- THE TASK:
Retype precisely the section of the data that starts at the line containing "Rocky Mountain Elk Wallpapers" and runs to its final line, ends included.

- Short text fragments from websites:
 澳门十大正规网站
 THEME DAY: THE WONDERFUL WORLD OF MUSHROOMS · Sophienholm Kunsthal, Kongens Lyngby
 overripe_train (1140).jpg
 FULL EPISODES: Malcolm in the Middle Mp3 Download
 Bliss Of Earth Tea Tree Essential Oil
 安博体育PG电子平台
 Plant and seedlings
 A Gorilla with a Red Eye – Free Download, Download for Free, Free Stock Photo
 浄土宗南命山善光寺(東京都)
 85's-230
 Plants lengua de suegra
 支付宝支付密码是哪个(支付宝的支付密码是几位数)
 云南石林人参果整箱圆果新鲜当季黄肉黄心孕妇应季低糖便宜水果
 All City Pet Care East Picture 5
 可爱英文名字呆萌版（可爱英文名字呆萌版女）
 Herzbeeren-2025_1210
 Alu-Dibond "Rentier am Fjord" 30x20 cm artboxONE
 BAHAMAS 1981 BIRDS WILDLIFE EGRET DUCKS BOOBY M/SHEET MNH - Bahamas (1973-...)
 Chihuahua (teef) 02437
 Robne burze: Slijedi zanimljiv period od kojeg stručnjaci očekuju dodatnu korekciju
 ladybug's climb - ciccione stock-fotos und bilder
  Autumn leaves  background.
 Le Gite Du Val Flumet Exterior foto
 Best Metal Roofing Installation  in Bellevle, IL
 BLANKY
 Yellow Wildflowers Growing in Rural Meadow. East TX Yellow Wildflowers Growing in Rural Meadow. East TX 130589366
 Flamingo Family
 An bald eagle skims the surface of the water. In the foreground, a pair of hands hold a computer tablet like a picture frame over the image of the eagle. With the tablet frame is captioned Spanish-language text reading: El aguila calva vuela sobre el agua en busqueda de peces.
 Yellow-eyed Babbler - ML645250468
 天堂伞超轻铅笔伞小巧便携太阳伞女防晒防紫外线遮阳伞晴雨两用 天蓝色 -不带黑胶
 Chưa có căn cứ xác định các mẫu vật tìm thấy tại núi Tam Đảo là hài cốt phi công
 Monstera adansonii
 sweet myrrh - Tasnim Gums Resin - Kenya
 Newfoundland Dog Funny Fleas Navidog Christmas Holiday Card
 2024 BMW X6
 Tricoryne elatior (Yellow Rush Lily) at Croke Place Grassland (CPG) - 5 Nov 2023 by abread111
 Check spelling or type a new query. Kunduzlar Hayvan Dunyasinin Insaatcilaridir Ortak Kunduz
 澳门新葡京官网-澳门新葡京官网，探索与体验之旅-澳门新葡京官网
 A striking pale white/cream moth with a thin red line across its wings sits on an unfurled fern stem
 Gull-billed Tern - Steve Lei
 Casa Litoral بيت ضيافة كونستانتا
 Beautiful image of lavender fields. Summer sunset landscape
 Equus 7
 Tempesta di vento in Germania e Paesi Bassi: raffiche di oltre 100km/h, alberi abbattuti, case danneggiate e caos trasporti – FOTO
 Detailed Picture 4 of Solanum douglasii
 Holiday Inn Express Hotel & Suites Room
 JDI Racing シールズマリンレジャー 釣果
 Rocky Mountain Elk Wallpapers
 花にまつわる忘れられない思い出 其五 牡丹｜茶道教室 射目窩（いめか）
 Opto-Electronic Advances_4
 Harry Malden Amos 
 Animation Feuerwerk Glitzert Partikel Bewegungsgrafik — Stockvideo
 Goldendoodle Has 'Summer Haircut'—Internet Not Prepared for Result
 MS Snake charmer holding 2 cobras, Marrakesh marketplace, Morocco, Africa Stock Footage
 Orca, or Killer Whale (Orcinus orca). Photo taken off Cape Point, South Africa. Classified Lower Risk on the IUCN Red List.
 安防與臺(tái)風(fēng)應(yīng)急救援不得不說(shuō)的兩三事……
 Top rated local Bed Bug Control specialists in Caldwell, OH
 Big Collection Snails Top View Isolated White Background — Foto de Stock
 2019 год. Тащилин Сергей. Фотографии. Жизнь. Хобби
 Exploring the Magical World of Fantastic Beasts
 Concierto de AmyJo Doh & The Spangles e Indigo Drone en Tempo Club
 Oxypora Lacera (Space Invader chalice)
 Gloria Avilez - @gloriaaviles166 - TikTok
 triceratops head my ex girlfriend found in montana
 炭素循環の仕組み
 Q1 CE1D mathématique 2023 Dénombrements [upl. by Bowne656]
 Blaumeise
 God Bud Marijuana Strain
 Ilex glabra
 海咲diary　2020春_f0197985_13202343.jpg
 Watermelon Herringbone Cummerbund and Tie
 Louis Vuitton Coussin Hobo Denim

- TASK SOLUTION:
 Rocky Mountain Elk Wallpapers
 花にまつわる忘れられない思い出 其五 牡丹｜茶道教室 射目窩（いめか）
 Opto-Electronic Advances_4
 Harry Malden Amos 
 Animation Feuerwerk Glitzert Partikel Bewegungsgrafik — Stockvideo
 Goldendoodle Has 'Summer Haircut'—Internet Not Prepared for Result
 MS Snake charmer holding 2 cobras, Marrakesh marketplace, Morocco, Africa Stock Footage
 Orca, or Killer Whale (Orcinus orca). Photo taken off Cape Point, South Africa. Classified Lower Risk on the IUCN Red List.
 安防與臺(tái)風(fēng)應(yīng)急救援不得不說(shuō)的兩三事……
 Top rated local Bed Bug Control specialists in Caldwell, OH
 Big Collection Snails Top View Isolated White Background — Foto de Stock
 2019 год. Тащилин Сергей. Фотографии. Жизнь. Хобби
 Exploring the Magical World of Fantastic Beasts
 Concierto de AmyJo Doh & The Spangles e Indigo Drone en Tempo Club
 Oxypora Lacera (Space Invader chalice)
 Gloria Avilez - @gloriaaviles166 - TikTok
 triceratops head my ex girlfriend found in montana
 炭素循環の仕組み
 Q1 CE1D mathématique 2023 Dénombrements [upl. by Bowne656]
 Blaumeise
 God Bud Marijuana Strain
 Ilex glabra
 海咲diary　2020春_f0197985_13202343.jpg
 Watermelon Herringbone Cummerbund and Tie
 Louis Vuitton Coussin Hobo Denim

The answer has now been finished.